• Stored data:
━━━━━━━━━━━━━━━━━━━━

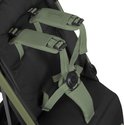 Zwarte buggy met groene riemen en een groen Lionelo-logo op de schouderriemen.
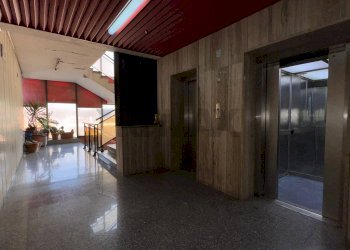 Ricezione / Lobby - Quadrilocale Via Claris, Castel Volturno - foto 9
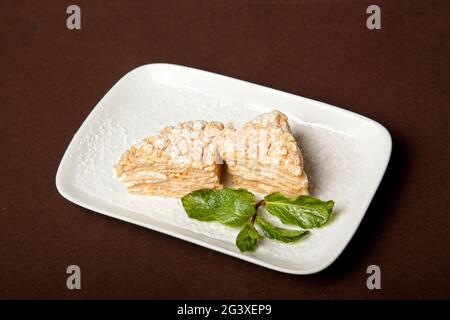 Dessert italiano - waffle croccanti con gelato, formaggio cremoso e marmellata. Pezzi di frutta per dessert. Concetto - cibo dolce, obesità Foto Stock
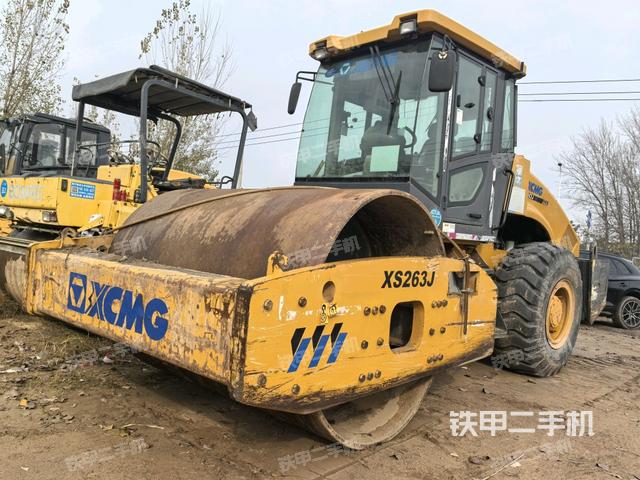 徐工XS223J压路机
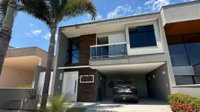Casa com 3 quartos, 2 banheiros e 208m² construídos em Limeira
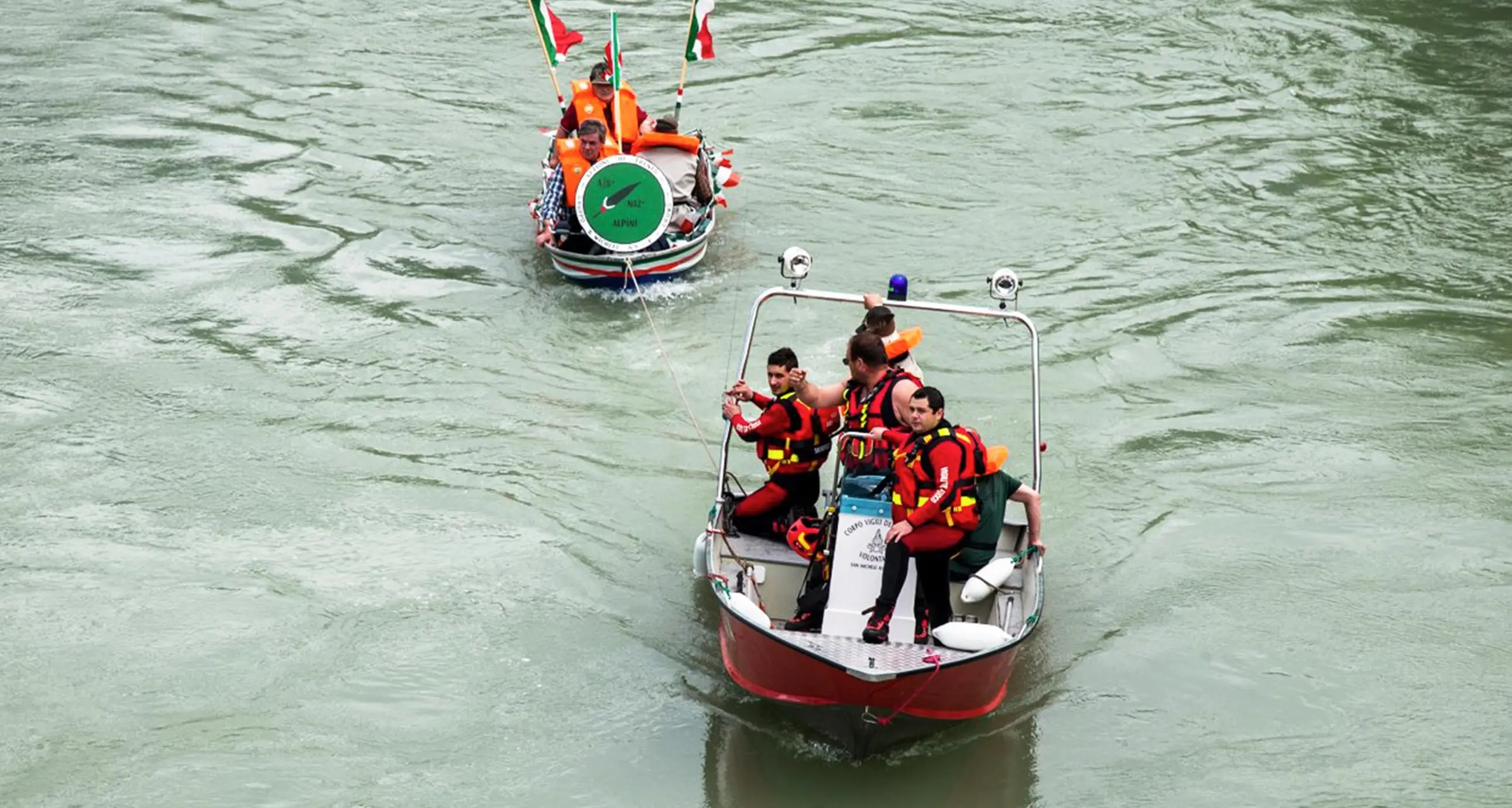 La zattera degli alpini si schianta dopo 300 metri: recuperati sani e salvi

━━━━━━━━━━━━━━━━━━━━

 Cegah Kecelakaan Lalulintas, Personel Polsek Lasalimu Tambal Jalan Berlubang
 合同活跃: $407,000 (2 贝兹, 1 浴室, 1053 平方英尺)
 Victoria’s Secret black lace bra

━━━━━━━━━━━━━━━━━━━━

• Task brief:
Look above for the line with "徐工XS223J压路机" and the line with "La zattera degli"; set down those two lines and all lines between them exactly, without pictures and without anything else.

• Answer to this problem:
 徐工XS223J压路机
Casa com 3 quartos, 2 banheiros e 208m² construídos em Limeira
 La zattera degli alpini si schianta dopo 300 metri: recuperati sani e salvi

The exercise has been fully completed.